Are you a fan of sapphic fiction and in the mood for a short uplifting grumpy sunshine, girl next door read? Then why not treat yourself to a quick pick me up – grab a glass of wine, cozy up by the fire, and visit Hooper Street.
Hooper Street
Sapphic fiction to melt your heart!
Turns out to make a difference, to change a life, or at the very least a perspective on life, you just need one person to be brave enough to be friendly and one person to have enough conscience to let them.
Blurb
When the optimistic and enthusiastic Abbie Lawrence moves in next door to the heartbroken and cynical Jem life on Hooper Street is never the same again.

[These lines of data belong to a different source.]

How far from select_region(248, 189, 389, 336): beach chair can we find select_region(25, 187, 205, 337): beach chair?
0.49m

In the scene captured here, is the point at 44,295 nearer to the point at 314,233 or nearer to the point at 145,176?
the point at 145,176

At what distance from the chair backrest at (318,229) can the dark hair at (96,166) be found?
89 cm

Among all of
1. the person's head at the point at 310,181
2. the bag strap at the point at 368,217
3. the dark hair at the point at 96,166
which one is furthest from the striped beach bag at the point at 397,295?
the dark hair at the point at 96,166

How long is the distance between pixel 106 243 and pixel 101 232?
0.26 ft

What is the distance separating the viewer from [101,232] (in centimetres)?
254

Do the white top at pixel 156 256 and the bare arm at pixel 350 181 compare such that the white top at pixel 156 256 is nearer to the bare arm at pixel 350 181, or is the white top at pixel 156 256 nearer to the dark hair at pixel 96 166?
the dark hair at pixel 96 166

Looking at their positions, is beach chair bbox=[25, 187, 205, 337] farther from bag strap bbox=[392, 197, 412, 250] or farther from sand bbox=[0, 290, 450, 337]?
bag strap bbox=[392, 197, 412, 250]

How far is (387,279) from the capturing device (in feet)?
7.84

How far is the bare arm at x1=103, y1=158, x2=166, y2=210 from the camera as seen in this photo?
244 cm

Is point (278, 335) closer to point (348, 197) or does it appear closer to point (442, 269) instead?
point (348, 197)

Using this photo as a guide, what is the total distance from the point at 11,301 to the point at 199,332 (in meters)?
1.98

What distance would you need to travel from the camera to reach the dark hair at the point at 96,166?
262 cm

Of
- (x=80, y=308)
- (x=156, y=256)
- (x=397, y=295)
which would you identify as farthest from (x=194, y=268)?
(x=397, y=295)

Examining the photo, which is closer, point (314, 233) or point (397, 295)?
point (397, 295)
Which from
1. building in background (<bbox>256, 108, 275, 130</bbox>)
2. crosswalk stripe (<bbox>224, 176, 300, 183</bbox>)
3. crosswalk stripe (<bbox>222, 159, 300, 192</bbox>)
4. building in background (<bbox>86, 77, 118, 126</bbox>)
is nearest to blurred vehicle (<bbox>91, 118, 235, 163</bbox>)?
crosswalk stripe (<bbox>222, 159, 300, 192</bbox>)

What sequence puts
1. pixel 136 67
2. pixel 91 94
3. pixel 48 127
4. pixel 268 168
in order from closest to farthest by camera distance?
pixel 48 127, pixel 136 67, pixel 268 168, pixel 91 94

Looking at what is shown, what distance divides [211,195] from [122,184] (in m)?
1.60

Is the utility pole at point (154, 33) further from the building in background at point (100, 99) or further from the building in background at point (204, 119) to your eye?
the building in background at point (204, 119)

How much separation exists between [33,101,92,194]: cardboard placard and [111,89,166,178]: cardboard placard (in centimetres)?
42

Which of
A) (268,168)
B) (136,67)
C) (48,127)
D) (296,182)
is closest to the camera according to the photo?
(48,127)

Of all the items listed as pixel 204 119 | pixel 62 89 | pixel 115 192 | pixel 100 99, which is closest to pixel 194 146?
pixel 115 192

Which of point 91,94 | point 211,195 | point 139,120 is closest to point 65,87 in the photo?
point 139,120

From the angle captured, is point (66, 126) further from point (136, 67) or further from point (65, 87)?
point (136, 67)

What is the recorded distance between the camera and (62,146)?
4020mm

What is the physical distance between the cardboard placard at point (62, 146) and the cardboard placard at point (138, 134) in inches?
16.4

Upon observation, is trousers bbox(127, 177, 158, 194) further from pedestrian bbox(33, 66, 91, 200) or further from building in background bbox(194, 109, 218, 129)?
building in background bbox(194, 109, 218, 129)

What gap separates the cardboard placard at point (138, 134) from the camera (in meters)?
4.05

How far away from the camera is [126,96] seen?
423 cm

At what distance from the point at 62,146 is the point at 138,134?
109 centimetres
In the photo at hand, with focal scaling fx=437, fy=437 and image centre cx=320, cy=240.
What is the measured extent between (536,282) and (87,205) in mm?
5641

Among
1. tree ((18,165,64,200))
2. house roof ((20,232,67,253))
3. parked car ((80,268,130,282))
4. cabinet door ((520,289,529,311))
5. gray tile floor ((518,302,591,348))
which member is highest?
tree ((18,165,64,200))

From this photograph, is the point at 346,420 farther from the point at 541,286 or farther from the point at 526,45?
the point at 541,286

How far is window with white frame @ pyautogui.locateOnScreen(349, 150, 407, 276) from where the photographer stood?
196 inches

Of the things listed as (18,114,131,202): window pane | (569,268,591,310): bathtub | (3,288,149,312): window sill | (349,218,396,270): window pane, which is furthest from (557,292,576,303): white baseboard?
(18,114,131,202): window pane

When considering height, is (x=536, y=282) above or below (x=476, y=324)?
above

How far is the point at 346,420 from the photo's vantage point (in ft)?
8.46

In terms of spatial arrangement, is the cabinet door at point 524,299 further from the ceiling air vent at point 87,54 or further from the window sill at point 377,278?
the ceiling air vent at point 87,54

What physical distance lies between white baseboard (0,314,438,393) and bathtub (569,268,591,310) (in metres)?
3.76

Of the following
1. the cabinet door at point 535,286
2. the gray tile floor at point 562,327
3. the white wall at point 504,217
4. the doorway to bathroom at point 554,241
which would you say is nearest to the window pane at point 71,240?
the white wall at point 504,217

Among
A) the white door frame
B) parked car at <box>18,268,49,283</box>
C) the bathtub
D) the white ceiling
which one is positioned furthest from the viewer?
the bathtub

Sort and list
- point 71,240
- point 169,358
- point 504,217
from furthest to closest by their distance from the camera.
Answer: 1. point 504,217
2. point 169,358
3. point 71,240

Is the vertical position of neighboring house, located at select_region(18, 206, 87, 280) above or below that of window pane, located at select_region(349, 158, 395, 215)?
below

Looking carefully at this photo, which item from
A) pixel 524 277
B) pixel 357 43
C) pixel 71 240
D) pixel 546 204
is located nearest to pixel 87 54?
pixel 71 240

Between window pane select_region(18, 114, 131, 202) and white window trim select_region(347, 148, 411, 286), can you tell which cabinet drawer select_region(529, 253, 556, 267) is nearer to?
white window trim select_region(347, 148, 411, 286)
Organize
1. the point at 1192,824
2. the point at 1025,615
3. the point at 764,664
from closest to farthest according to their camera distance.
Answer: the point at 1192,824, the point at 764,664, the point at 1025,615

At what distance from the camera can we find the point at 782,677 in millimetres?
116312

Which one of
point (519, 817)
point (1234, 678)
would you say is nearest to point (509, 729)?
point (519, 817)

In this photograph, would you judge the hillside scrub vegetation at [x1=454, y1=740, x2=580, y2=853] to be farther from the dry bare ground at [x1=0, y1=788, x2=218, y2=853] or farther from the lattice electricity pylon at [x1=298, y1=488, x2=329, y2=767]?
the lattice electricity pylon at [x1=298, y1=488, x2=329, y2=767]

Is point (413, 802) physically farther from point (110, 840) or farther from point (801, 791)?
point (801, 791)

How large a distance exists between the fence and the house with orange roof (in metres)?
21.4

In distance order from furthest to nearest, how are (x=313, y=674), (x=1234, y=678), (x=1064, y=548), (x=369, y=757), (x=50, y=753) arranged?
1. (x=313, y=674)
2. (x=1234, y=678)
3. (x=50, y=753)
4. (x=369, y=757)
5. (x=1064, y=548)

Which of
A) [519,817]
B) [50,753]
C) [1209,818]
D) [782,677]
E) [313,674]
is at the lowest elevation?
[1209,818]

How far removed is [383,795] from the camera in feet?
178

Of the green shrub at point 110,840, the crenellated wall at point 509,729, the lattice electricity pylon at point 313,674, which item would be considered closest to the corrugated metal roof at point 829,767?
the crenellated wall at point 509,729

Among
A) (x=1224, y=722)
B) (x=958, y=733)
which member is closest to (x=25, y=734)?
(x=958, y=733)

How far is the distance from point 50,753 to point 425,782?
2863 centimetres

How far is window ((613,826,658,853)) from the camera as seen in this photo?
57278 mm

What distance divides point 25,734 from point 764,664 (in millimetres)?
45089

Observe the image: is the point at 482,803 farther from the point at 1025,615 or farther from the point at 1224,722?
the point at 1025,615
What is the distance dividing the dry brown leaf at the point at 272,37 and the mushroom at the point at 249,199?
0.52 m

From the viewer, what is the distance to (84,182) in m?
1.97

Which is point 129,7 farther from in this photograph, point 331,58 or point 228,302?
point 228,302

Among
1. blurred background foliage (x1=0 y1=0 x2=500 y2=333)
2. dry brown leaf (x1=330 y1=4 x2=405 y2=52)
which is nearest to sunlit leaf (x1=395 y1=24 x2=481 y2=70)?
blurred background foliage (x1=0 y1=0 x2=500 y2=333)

Publication Date: Oct 2017
Ebook ASIN: B0768JNQF4
Length: 16 pages
Tropes & themes: Sapphic Short Story, Girl-Next-Door, Grumpy/Sunshine, Feel-Good
Available on Kindle Unlimited
What Readers and Reviewers Have To Say!
It’s incredible how much depth and beauty a person can make fit in 16 pages. This was so lovely, I’ve only been aware of it now, and having loved Love’s Portrait I thought I could trust Anna, and I’m glad I was right! – Patricia
A really charming [sapphic] short story. A pleasure to read. – Safist
Anna Larner makes you believe in her characters and ultimately hope for them to give into love. The story was short and sweet but ultimately full of promise. – Rainbow Literary Society
Short Extract
As streets go, Hooper Street wasn’t much of a looker. Rows of terraced houses bunched together like a set of teeth in a mouth that rarely smiled. White PVC windows, like the white of the eyes of someone gasping for air, stood out starkly against the red brick. The occasional hanging basket, with brash pansies gaudy and out of place, only seemed to make things worse. And there was an unsettling thin breeze, stalking the street half catching the air, like the breath of the dying.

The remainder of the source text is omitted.